Het gebruik van gronden en bebouwing dat in strijd is met dit nieuwe bestemmingsplan op het tijdstip van inwerkingtreding, mag in beginsel worden voortgezet. Wijziging van dit strijdige gebruik is verboden, indien de afwijking van het plan wordt vergroot. Indien het strijdige gebruik, na het tijdstip van inwerkingtreding van het plan voor een periode langer dan een jaar wordt onderbroken, is het verboden dit gebruik daarna te hervatten of te laten hervatten.
Tot slot bevat Overgangs- en slotregels de slotregel waarin is aangegeven hoe het bestemmingsplan kan worden aangehaald.
De kosten die gepaard gaan met het voornemen worden door de initiatiefnemer gedragen.
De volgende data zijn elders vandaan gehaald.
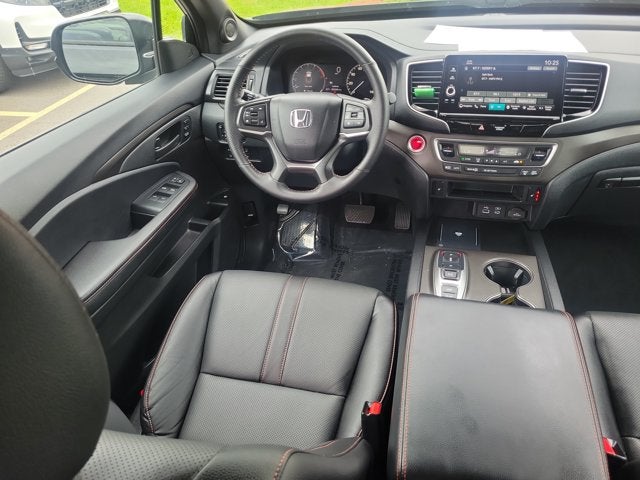 2024 Honda Ridgeline TrailSport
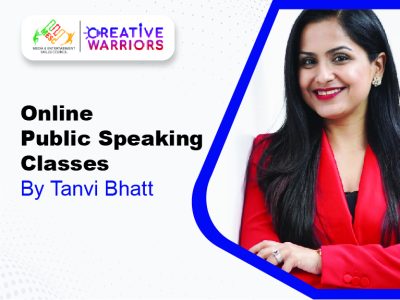 Online Public Speaking Classes by Tanvi Bhatt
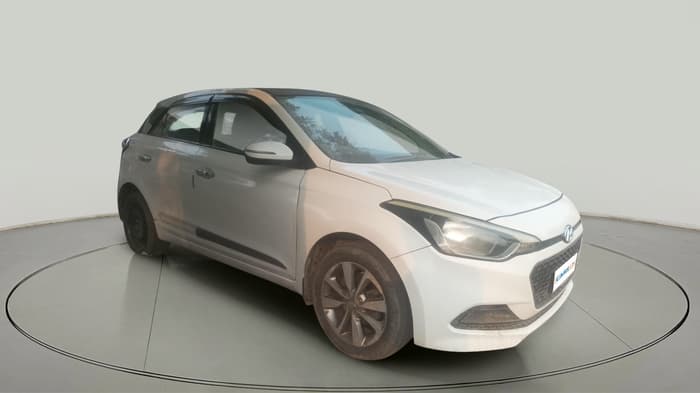 2015 Hyundai Elite i20 ASTA 1.4 CRDI, Diesel, Manual, 85,941 km, exterior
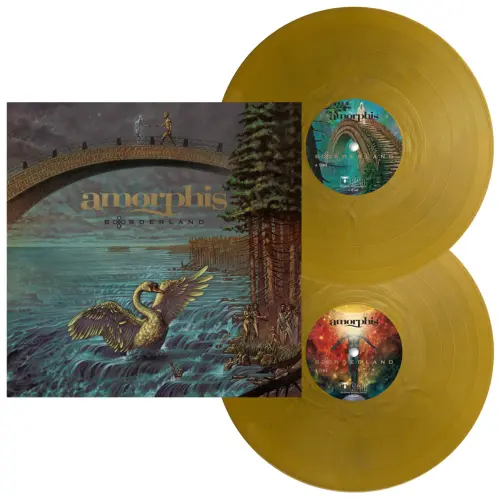 AMORPHIS / アモルフィス商品一覧｜HARD ROCK / HEAVY METAL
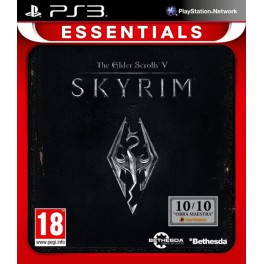 The Elder Scrolls V Skyrim Essentials - PS3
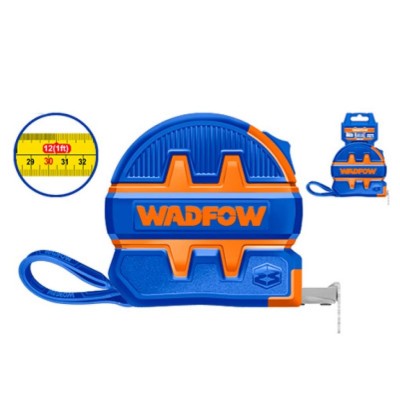 WADFOW METRO  16MM     WMT1210 3M Total Herramientas Oficial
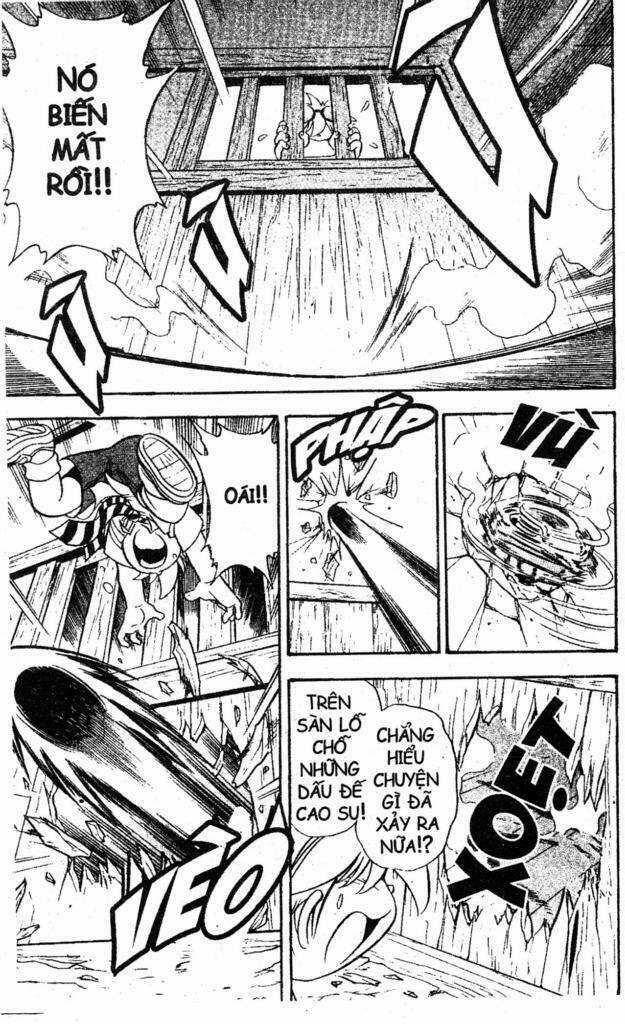 Beley - Con quay truyền thuyết Chapter 2 trang 50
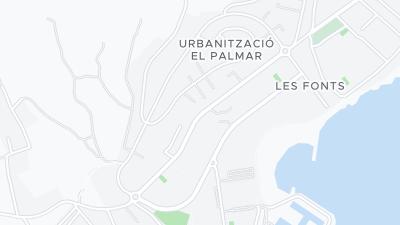 خريطة موقع الفندق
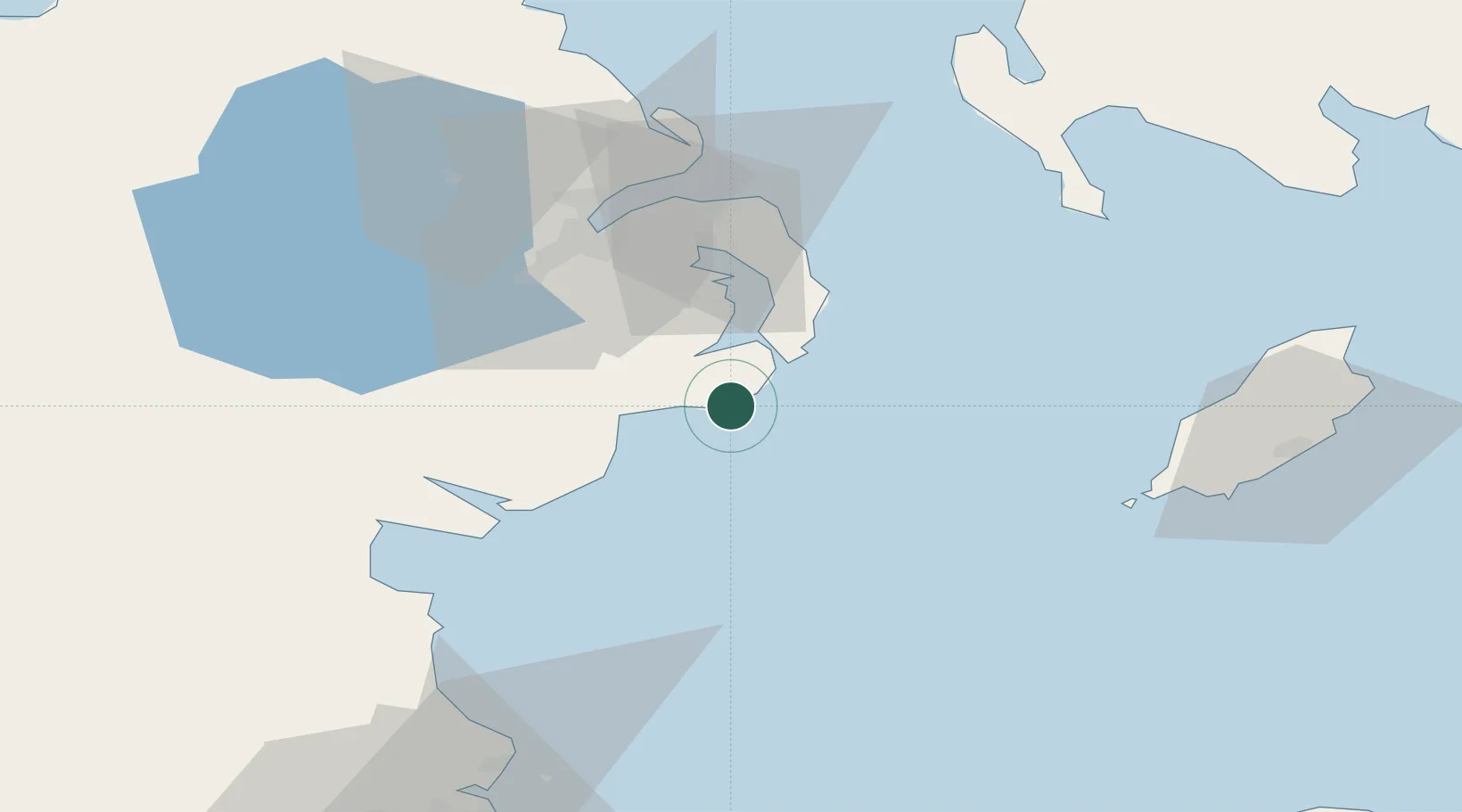 Location of GBKIO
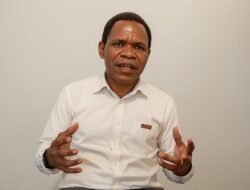 Direktur papua observatory for human rights (pohr), thomas ch. syufi: pasca pilgub papua, jaga kamtibmas, ham diutamakan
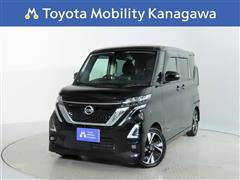 日産 ルークス ハイウェイスター Gターボ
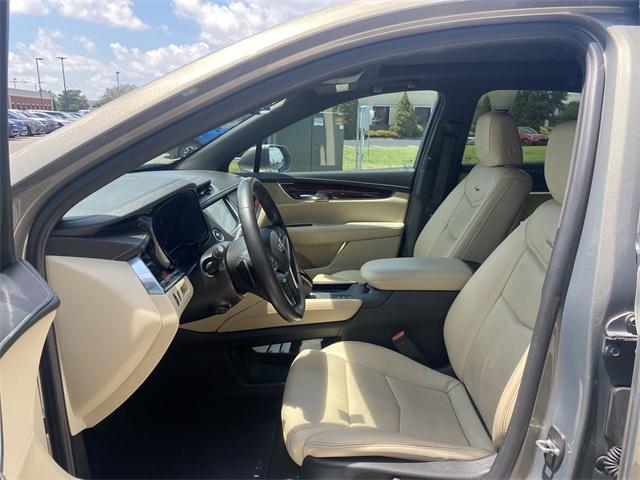 used 2018 Cadillac XT5 car, priced at $19,316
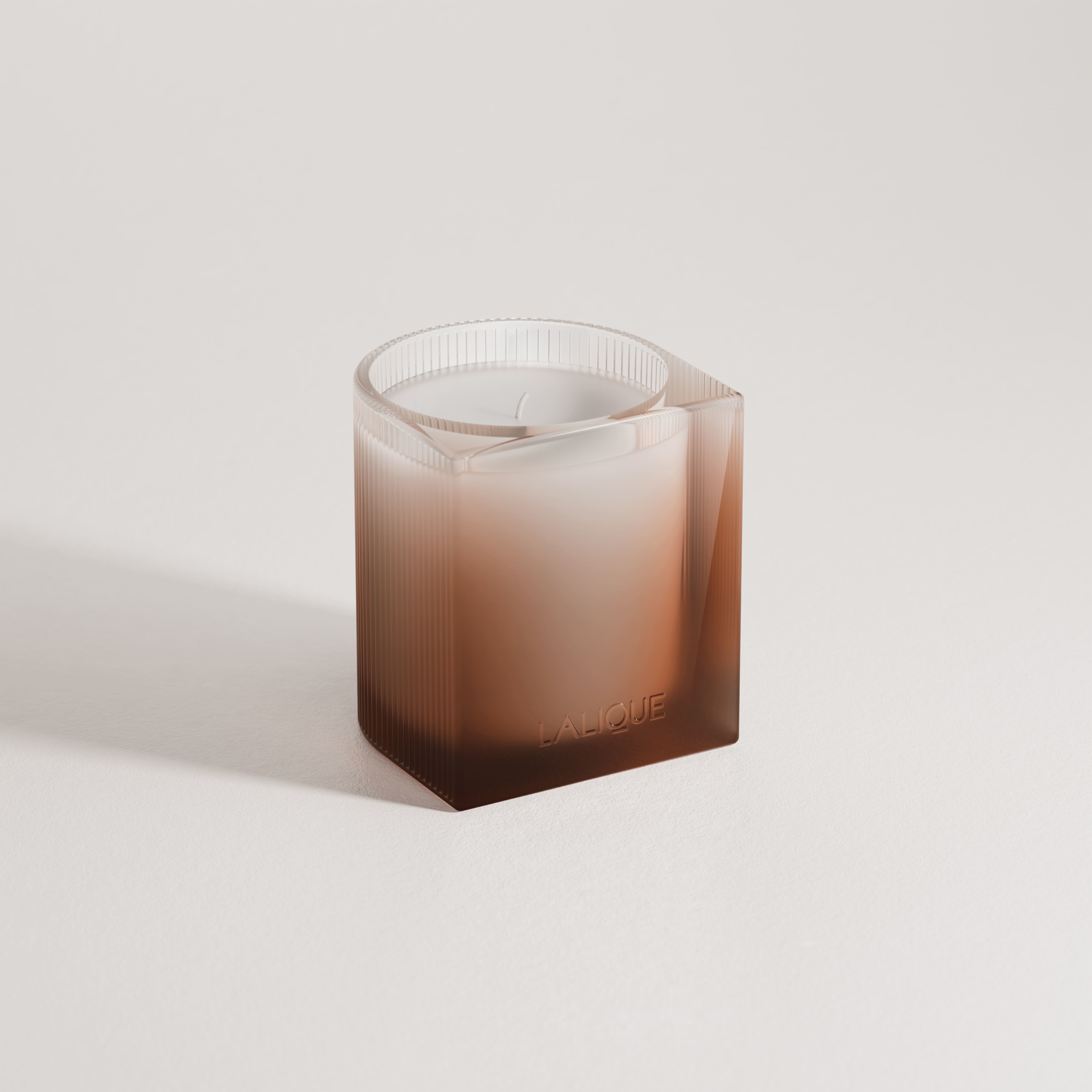 La Verrerie, Bougie Parfumée 220 G - Iconic
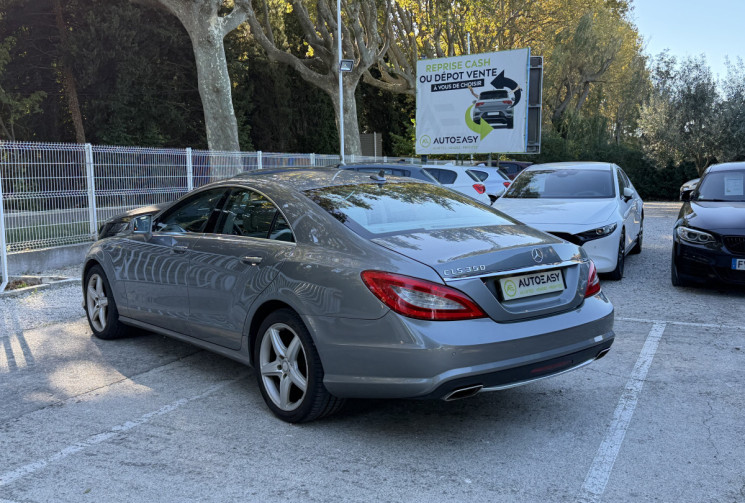Mercedes CLASSE CLS 350 Coupé V6 306 7G-Tronic Pack AMG / Harman Kardon / Toit Ouvrant / Caméra 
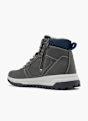 Dockers Bottes à lacets Gris 101520 3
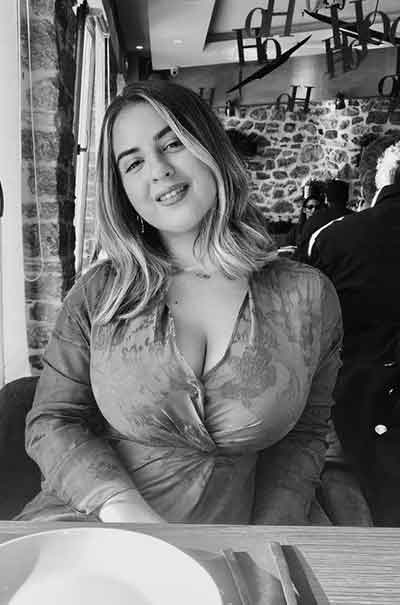Julia, 31 år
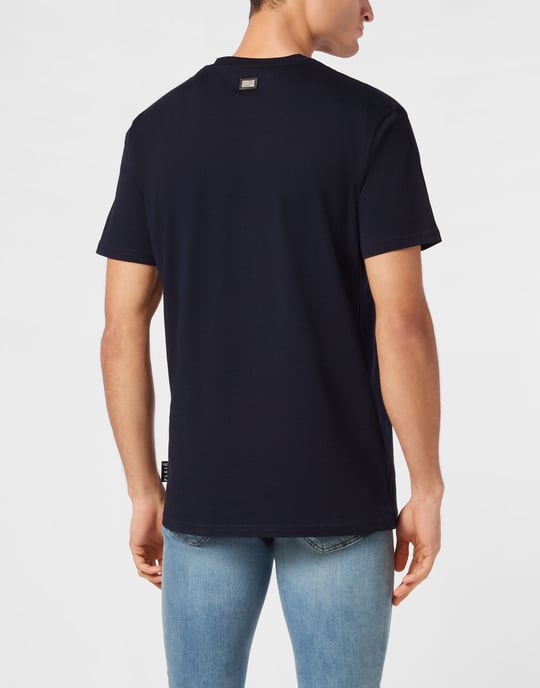 Camiseta Cuello Redondo Gothic Plein - Image 5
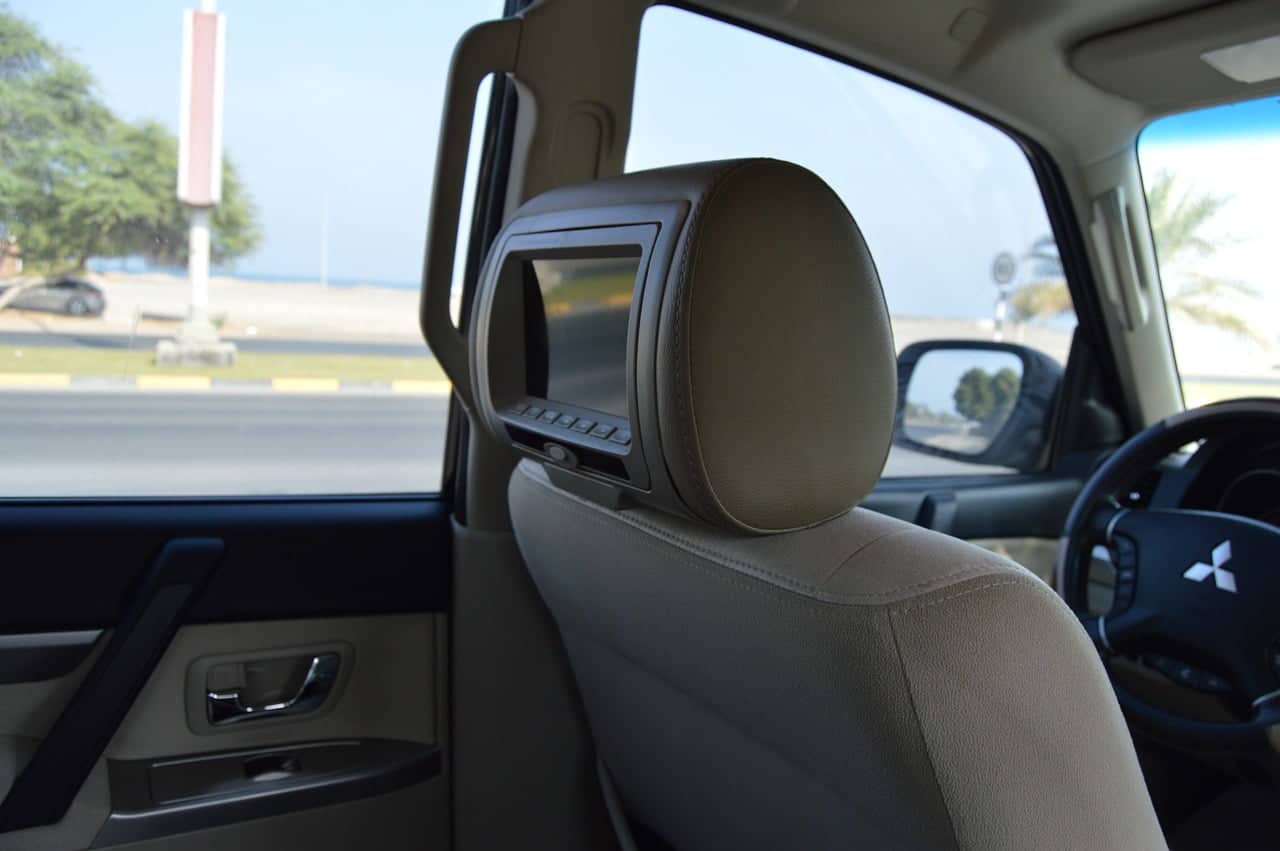 dream meaning Headrest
De kosten die uit dit plan kunnen voortvloeien, zijn aanvragen voor een tegemoetkoming in schade.
Schade, toegebracht door deze planologische wijziging, zal worden verhaald op de aanvrager van het (bouw)plan middels een gesloten planschadeovereenkomst tussen gemeente en aanvrager.
In het kader van het overleg ex artikel 3.1.1 van het Besluit ruimtelijke ordening wordt het concept ontwerpbestemmingsplan toegezonden aan de betreffende overlegpartners en adviesinstanties.
De direct omwonenden zijn geïnformeerd over de uitbreidingsplannen. In het dorp wordt in het algemeen positief gedacht over het behoud van het bedrijf in het dorp Kornhorn.
Het ontwerpbestemmingsplan heeft van 19 december 2023 tot en met 29 januari 2024 ter inzage gelegen als onderdeel van de uniforme openbare voorbereidingsprocedure van afdeling 3.4 Awb op grond van artikel 3,10 lid a Wabo. Gedurende deze periode zijn er geen zienswijzen ingediend.